# 01 Random agent baseline

#### 👉Before you try to solve a Reinforcement Learning problem you should get a grasp of its difficulty.

#### 👉 To do so, you need to design a dummy agent that can peform the task without much brains, and evaluate its performance.

#### 👉A simple way to do so is by using a Random Agent, that chooses its next action randomly, without paying attention at the current state of the environment.

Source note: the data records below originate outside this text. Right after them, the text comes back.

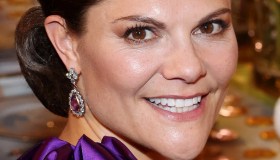 Vittoria di Svezia: schiena nuda e tiara napoleonica ai Nobel: pagelle dei look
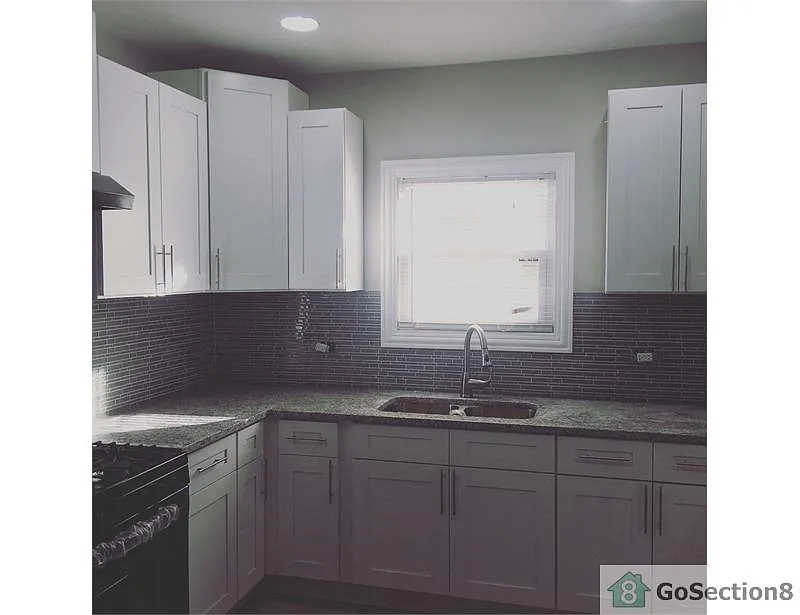 16525 S Park Ave photo 1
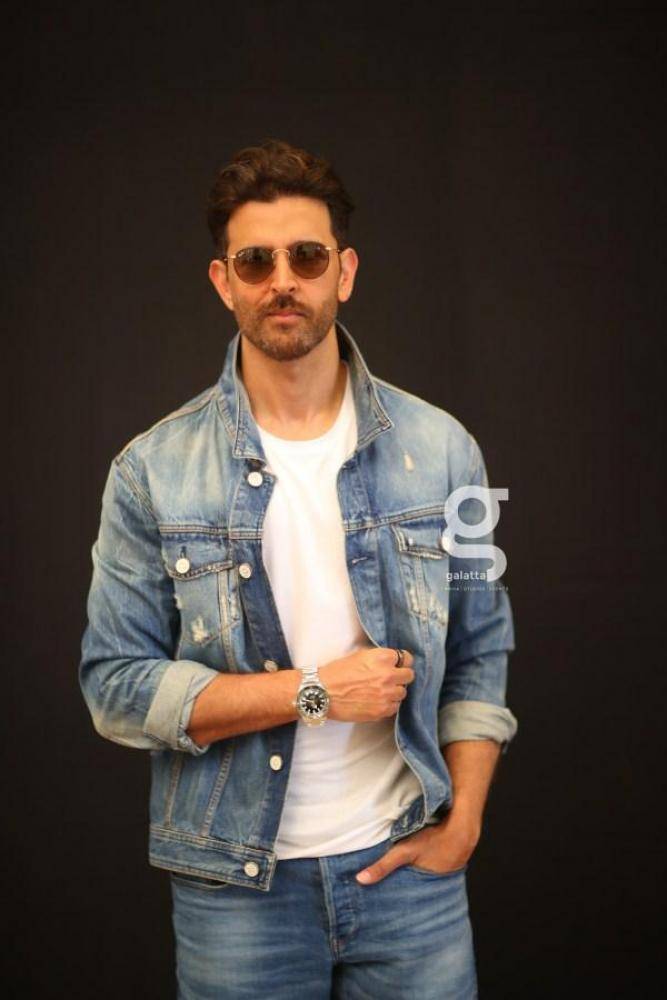 Hrithik Roshan - Photos Stills Images Hrithik Roshan - Photos Stills Images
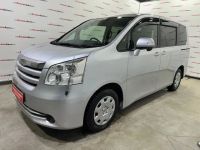 Лот: 24776004. Фото: 10. Toyota Noah, 2009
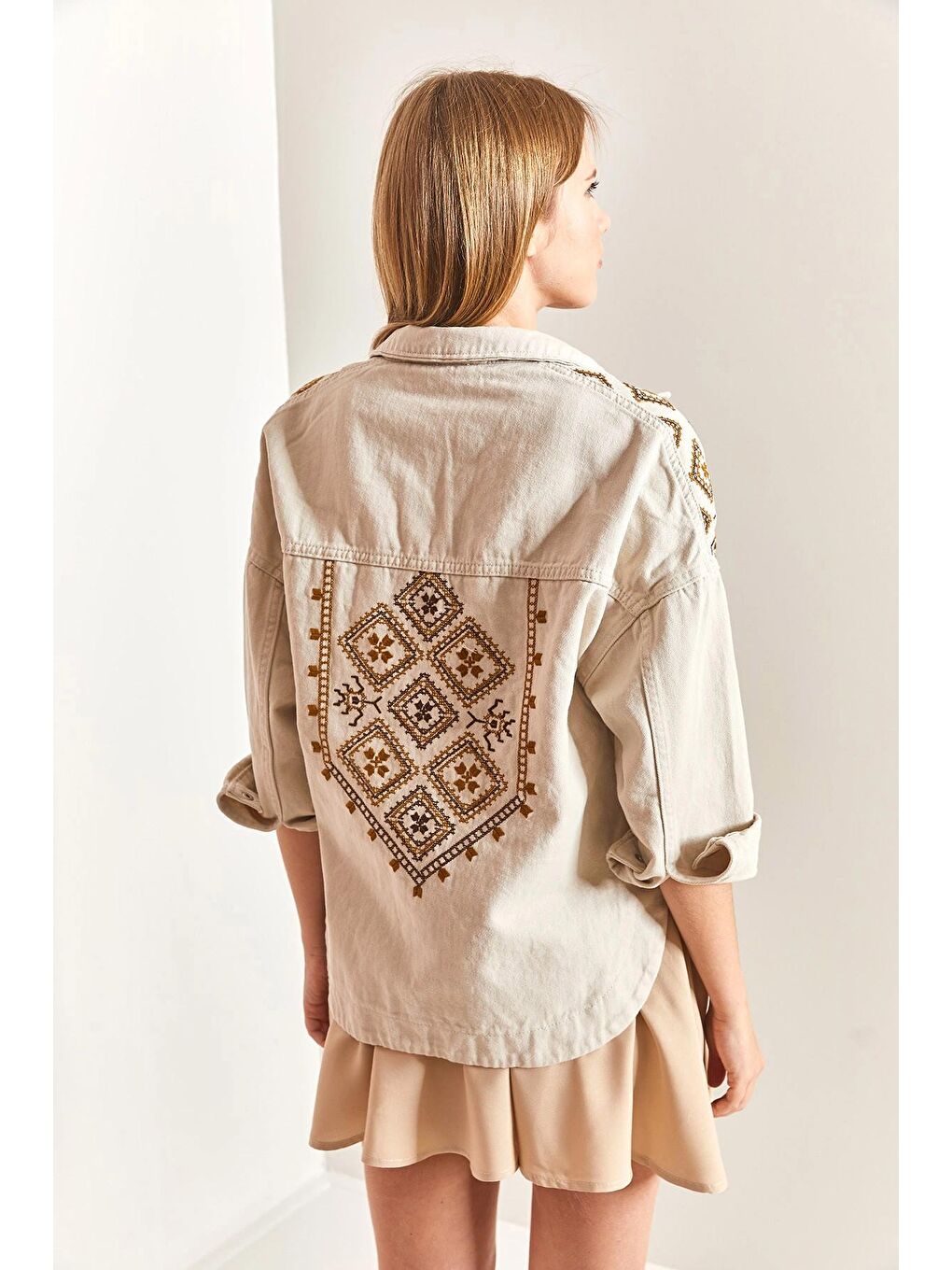 Bej Kadın Etnik Nakış Desenli Gabardin Ceket-3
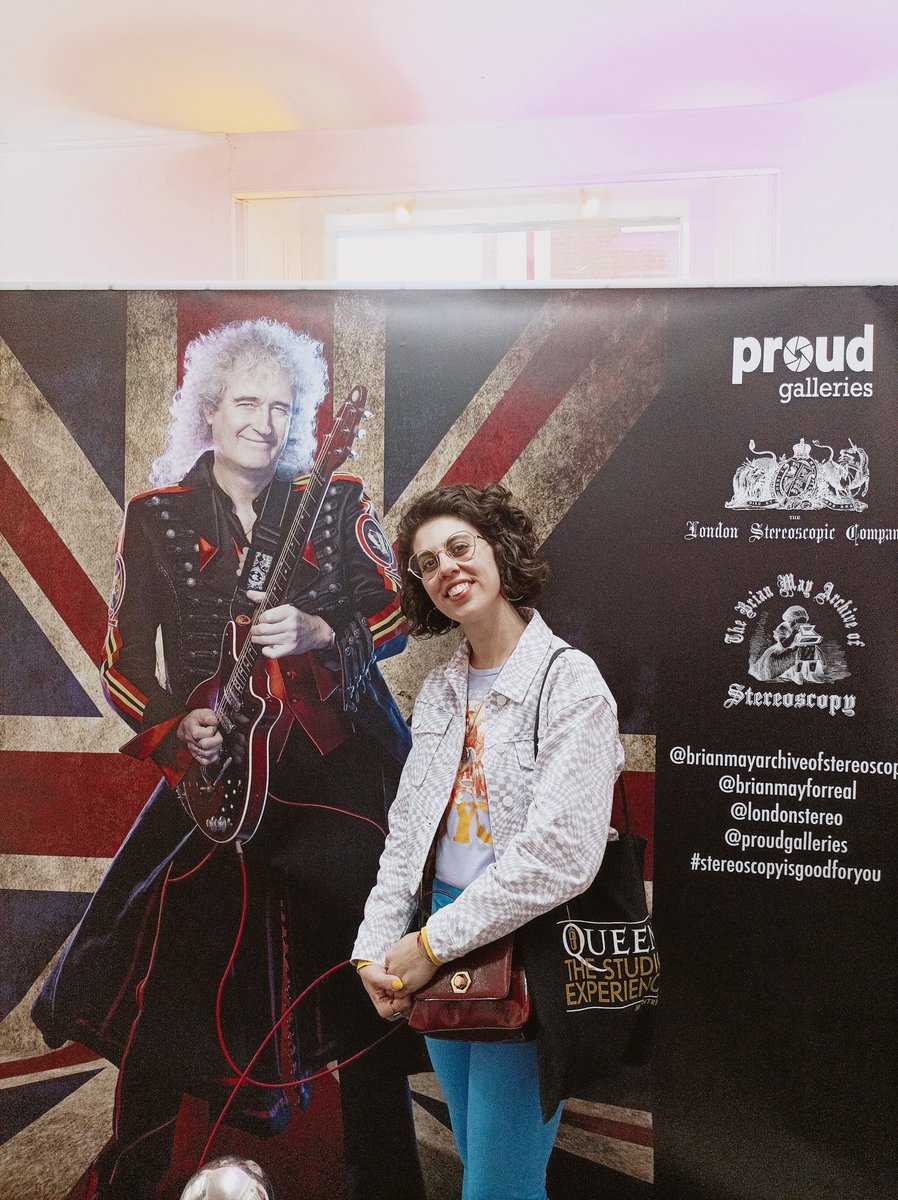 chaoticquokka_'s tweet photo. My favourite place surrounded by stills of life, semblances of music, breaths of love and pieces of friendship 🤍🫀

[8 months later...here I am once again.
August 8th, 2023] ✨

#queen @DrBrianMay #queenin3D https://t.co/hl6pBqs2u0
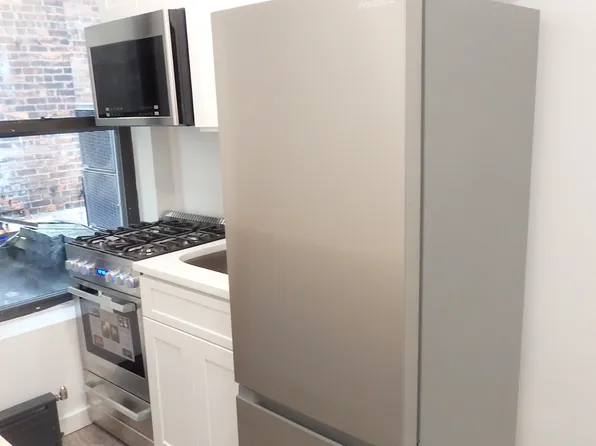 464 West 51st Street image 7 of 8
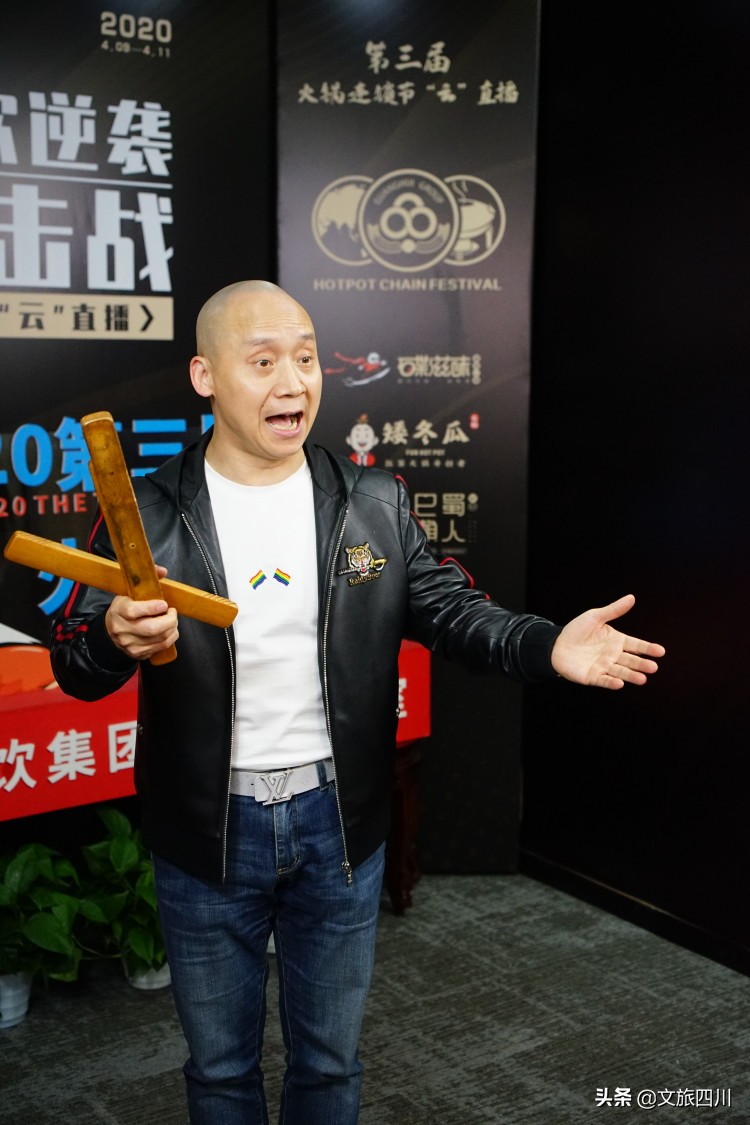 四川巴蜀懒人火锅价格(第三届火锅连锁节三天光珲餐饮集团董事长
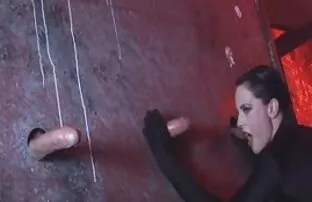 XXX سبزه بالغ با احلى صور رومانسيه سكسيه دو مرد در خانه سرگرم کننده است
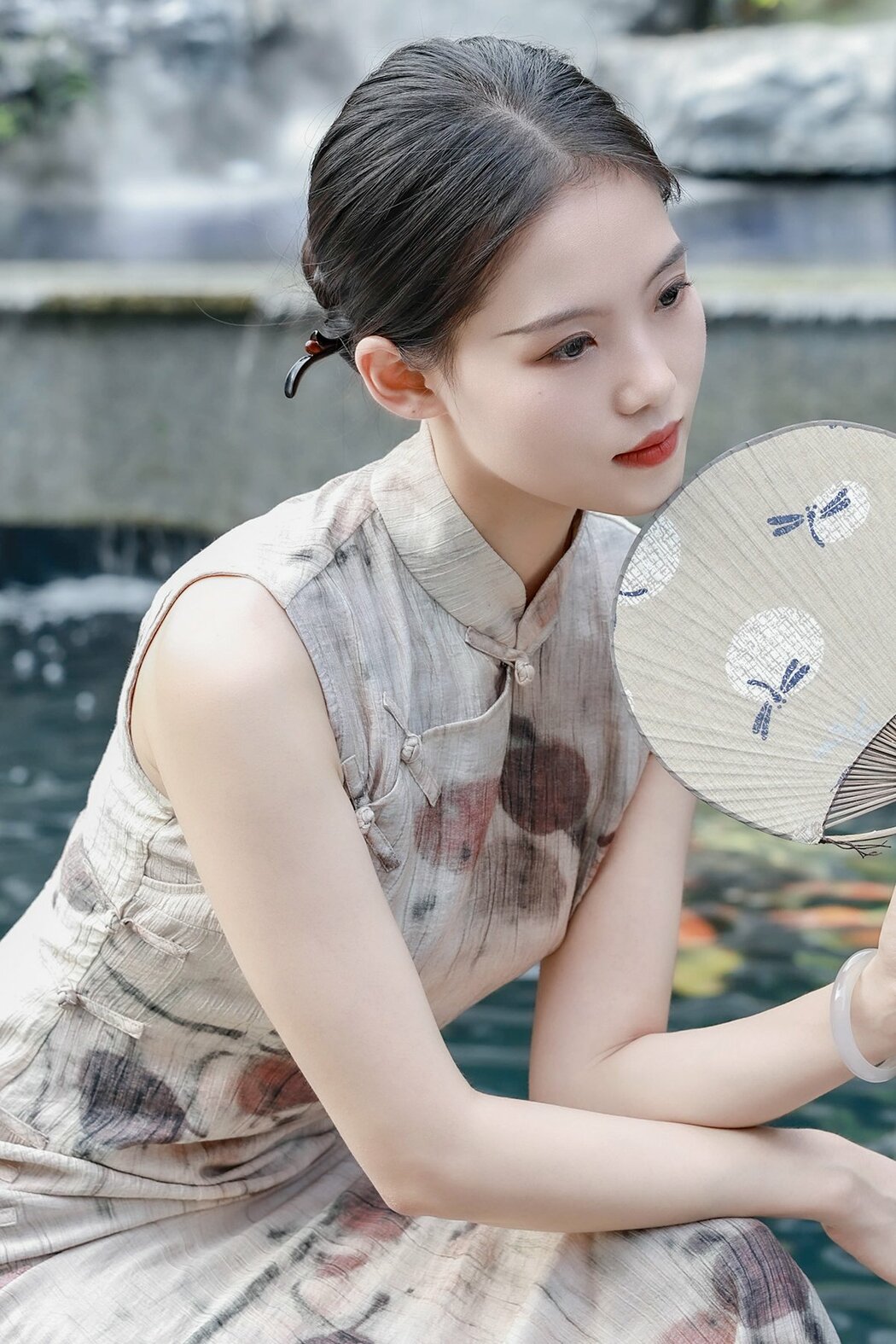 YiTuYu艺图语 Vol.9819 Chen Shi Er Ing (32P)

#### 👉Needless to say, do not grab a taxi driven by a Random Driver.

In [None]:
%load_ext autoreload
%autoreload 2
%pylab inline
%config InlineBackend.figure_format = 'svg'

## Environment 🌎

In [None]:
import gymnasium as gym
env = gym.make("Taxi-v3", render_mode="ansi")

## Random agent 🤖🍷

In [None]:
class RandomAgent:
    """
    This taxi driver selects actions randomly.
    You better not get into this taxi!
    """
    def __init__(self, env):
        self.env = env

    def get_action(self, state) -> int:
        """
        We have `state` as an input to keep
        a consistent API for all our agents, but it
        is not used.
        
        i.e. The agent does not consider the state of
        the environment when deciding what to do next.
        This is why we call it "random".
        """
        return self.env.action_space.sample()

agent = RandomAgent(env)

## Let's evaluate this driver starting from a fixed `state = 123`

In [None]:
# set initial state of the environment
state, _ = env.reset(seed=123)

epochs = 0
penalties = 0  # wrong pick up or dropp off
reward = 0

# store frames to latter plot them
frames = []

done = False

while not done:
    
    action = agent.get_action(state)
    
    state, reward, terminated, truncated, info = env.step(action)
    done = terminated or truncated

    if reward == -10:
        penalties += 1
    
    frames.append({
        'frame': env.render(),
        'state': state,
        'action': action,
        'reward': reward
        }
    )

    epochs += 1
    
    
print("Timesteps taken: {}".format(epochs))
print("Penalties incurred: {}".format(penalties))

In [None]:
from IPython.display import clear_output
from time import sleep

def print_frames(frames):
    for i, frame in enumerate(frames):
        clear_output(wait=True)
        print(frame['frame'])
        print(f"Timestep: {i + 1} of {len(frames)}")
        print(f"State: {frame['state']}")
        print(f"Action: {frame['action']}")
        print(f"Reward: {frame['reward']}")
        sleep(.01)
        
print_frames(frames)

#### Pretty bad driving, isn't it?

## Let's generate histograms to quantify performance

In [None]:
from tqdm import tqdm

n_episodes = 100

# For plotting metrics
timesteps_per_episode = []
penalties_per_episode = []

for i in tqdm(range(0, n_episodes)):
    
    # reset environment to a random state
    state, _ = env.reset()

    epochs, penalties, reward, = 0, 0, 0
    done = False
    
    while not done:
        
        action = agent.get_action(state)       
        next_state, reward, terminated, truncated, info = env.step(action)
        done = terminated or truncated
               
        if reward == -10:
            penalties += 1

        state = next_state
        epochs += 1
    
    timesteps_per_episode.append(epochs)
    penalties_per_episode.append(penalties)

In [None]:
import pandas as pd
import matplotlib.pyplot as plt

fig, ax = plt.subplots(figsize = (12, 4))
ax.set_title("Timesteps to complete ride")    
pd.Series(timesteps_per_episode).plot(kind="line")
plt.show()

fig, ax = plt.subplots(figsize = (12, 4))
ax.set_title("Penalties per ride")    
pd.Series(penalties_per_episode).plot(kind="line")
plt.show()

In [None]:
print(f'Avg steps to complete ride: {np.array(timesteps_per_episode).mean()}')
print(f'Avg penalties to complete ride: {np.array(penalties_per_episode).mean()}')